Supplied material

────────────────────

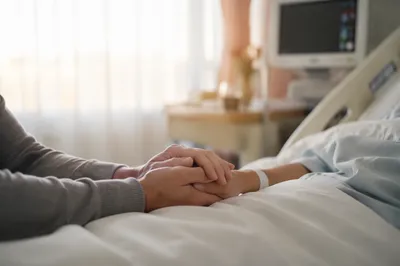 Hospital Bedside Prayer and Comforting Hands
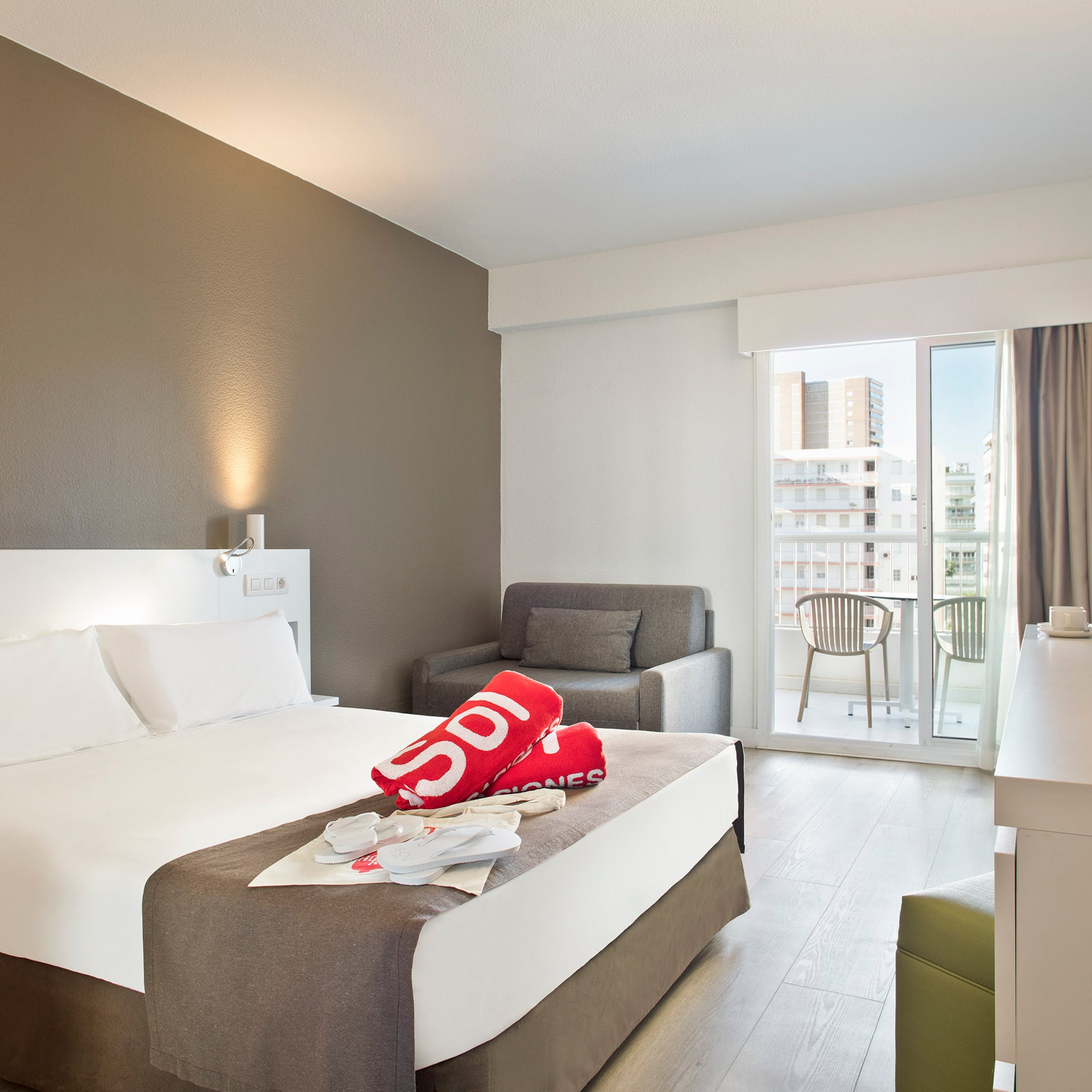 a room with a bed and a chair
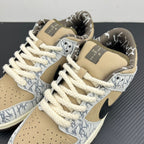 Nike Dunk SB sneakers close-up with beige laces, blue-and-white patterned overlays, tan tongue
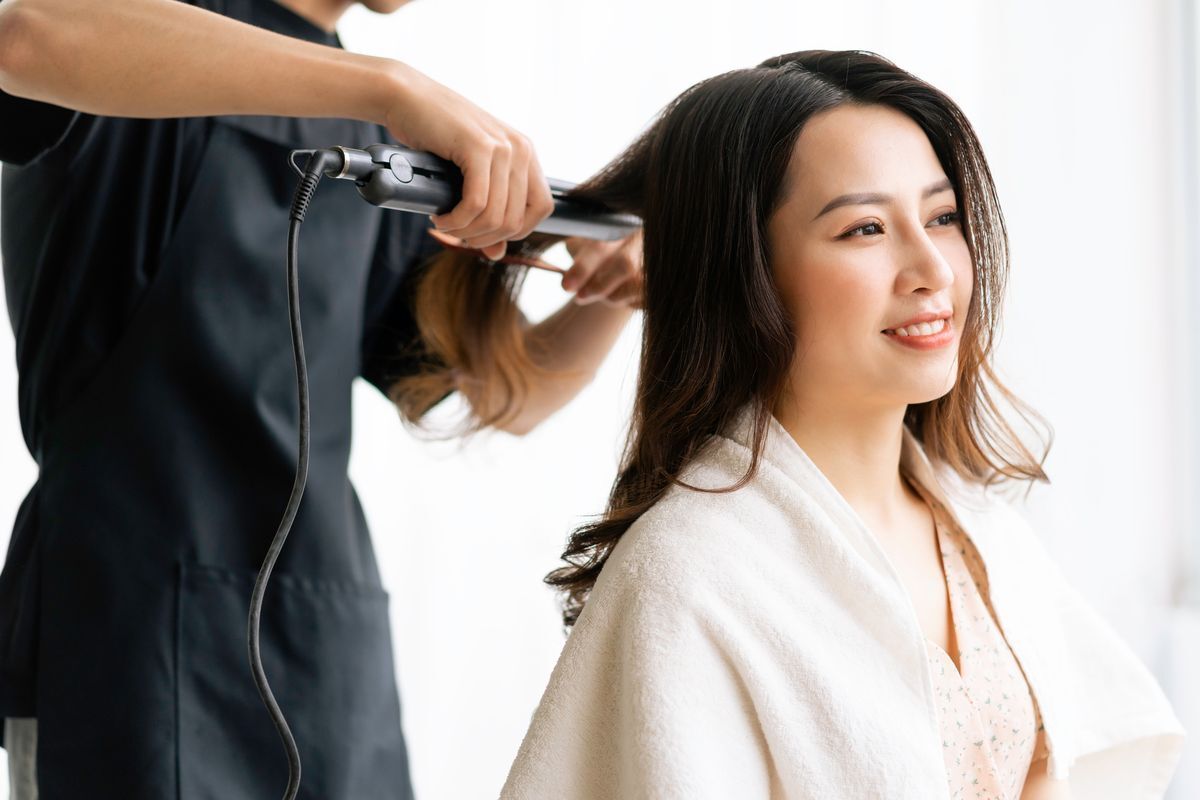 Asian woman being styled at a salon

────────────────────

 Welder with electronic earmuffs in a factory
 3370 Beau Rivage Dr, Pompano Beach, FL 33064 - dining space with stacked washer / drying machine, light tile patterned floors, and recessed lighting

────────────────────

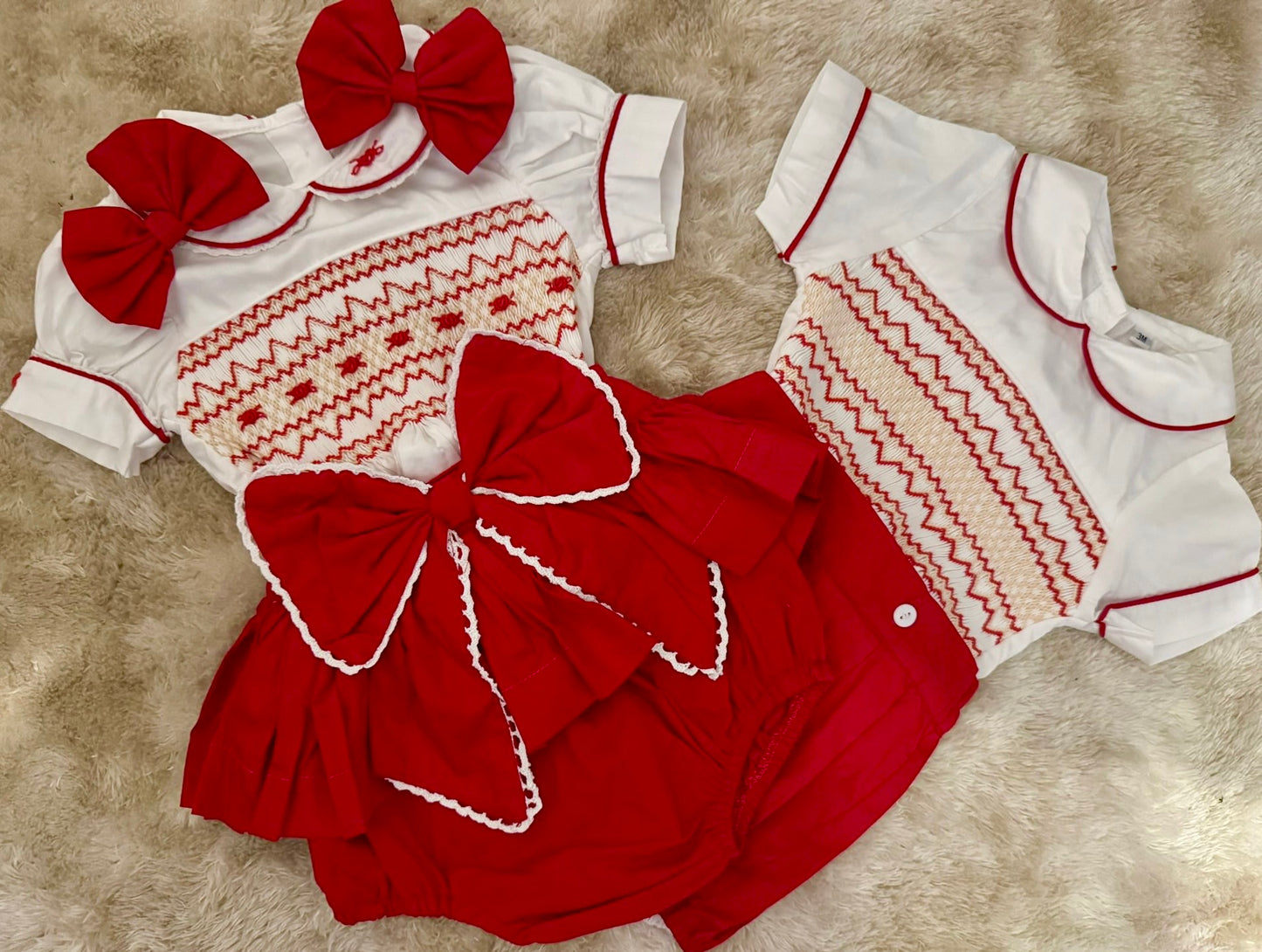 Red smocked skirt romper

────────────────────

Your task
Please return the data above exactly as it stands from the line with "Hospital Bedside Prayer and Comforting Hands" to the line with "Asian woman being styled at a salon", keeping both of those lines but none of the pictures.

Answer to this task
 Hospital Bedside Prayer and Comforting Hands
 a room with a bed and a chair
 Nike Dunk SB sneakers close-up with beige laces, blue-and-white patterned overlays, tan tongue
 Asian woman being styled at a salon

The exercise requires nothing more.